**What the task asks**
Repeat exactly, and only, the lines of the entries below from the one with "JaVale McGee of" through the one with "Red, black and", both ends included.

**Material provided**
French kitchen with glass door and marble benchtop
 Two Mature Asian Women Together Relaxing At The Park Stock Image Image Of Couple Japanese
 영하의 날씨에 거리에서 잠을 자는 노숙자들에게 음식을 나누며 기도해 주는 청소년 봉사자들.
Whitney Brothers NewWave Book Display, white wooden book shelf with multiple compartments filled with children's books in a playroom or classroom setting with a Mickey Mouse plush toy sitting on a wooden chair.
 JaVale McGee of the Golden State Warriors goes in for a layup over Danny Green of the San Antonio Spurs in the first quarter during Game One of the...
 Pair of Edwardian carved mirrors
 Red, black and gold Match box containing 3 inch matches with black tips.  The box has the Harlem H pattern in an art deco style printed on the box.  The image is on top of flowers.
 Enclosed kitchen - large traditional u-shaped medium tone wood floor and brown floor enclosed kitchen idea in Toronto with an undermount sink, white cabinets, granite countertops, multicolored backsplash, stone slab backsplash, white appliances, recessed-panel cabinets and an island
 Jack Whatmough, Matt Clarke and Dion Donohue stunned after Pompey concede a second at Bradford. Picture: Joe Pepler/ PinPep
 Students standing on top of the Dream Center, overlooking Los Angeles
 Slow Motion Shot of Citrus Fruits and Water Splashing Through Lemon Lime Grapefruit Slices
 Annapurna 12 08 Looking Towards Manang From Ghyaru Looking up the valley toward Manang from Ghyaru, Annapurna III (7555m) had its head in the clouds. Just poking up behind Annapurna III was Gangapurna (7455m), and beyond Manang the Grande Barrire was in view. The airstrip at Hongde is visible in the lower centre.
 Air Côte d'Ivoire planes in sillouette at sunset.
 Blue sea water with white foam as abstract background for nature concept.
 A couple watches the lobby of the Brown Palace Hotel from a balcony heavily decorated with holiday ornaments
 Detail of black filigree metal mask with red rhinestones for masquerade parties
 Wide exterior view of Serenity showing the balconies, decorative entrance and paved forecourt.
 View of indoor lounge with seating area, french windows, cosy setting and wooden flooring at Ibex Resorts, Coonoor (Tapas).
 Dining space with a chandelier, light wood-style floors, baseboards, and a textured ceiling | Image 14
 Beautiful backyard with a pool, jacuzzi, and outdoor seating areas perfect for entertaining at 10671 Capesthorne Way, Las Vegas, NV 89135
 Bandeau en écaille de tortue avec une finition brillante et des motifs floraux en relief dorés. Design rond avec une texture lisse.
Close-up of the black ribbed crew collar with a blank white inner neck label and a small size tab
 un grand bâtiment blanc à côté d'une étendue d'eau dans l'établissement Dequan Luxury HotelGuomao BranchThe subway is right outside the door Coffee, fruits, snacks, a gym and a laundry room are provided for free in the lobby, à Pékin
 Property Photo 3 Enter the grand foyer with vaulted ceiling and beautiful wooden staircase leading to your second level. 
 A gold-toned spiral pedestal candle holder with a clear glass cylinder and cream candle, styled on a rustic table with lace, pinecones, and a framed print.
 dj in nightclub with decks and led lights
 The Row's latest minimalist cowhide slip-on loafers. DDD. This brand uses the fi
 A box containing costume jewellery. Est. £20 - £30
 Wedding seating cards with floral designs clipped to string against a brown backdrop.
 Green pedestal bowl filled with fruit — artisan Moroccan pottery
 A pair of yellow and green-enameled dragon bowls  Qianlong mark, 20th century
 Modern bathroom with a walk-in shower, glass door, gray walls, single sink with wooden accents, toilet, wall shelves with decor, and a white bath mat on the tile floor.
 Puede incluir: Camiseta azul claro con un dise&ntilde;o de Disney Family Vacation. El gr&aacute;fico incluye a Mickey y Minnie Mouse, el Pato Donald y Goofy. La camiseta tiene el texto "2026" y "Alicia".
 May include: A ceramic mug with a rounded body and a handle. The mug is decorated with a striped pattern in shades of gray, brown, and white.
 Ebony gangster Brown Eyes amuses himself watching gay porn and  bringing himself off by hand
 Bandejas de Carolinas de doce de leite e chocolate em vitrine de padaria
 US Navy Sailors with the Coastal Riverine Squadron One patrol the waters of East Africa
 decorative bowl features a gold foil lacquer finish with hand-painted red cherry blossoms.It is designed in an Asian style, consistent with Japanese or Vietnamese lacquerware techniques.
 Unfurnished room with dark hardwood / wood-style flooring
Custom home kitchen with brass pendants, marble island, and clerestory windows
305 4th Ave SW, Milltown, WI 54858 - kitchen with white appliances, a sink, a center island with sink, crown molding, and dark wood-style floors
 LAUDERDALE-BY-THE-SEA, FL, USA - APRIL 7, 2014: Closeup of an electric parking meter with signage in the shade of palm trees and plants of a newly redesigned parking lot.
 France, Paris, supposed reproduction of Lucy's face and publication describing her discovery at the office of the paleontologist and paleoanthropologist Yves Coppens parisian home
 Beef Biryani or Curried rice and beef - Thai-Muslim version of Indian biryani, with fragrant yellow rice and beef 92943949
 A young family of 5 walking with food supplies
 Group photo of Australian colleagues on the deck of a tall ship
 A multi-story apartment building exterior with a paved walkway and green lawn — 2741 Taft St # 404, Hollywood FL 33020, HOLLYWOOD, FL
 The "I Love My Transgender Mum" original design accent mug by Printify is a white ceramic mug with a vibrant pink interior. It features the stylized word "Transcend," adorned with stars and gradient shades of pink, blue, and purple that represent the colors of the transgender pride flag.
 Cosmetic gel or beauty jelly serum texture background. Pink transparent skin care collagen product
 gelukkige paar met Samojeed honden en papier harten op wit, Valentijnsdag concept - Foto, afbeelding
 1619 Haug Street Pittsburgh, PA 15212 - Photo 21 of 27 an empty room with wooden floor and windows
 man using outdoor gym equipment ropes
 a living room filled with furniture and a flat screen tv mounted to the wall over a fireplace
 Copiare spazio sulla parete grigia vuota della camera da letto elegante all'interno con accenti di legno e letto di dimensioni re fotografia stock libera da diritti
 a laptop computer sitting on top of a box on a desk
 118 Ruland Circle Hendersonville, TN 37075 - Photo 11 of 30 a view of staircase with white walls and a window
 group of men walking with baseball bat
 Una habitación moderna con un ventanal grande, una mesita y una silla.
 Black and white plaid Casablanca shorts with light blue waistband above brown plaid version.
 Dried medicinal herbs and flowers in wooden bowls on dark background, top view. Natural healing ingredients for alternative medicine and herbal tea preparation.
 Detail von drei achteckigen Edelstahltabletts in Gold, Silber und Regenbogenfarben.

**Solved exercise**
 JaVale McGee of the Golden State Warriors goes in for a layup over Danny Green of the San Antonio Spurs in the first quarter during Game One of the...
 Pair of Edwardian carved mirrors
 Red, black and gold Match box containing 3 inch matches with black tips.  The box has the Harlem H pattern in an art deco style printed on the box.  The image is on top of flowers.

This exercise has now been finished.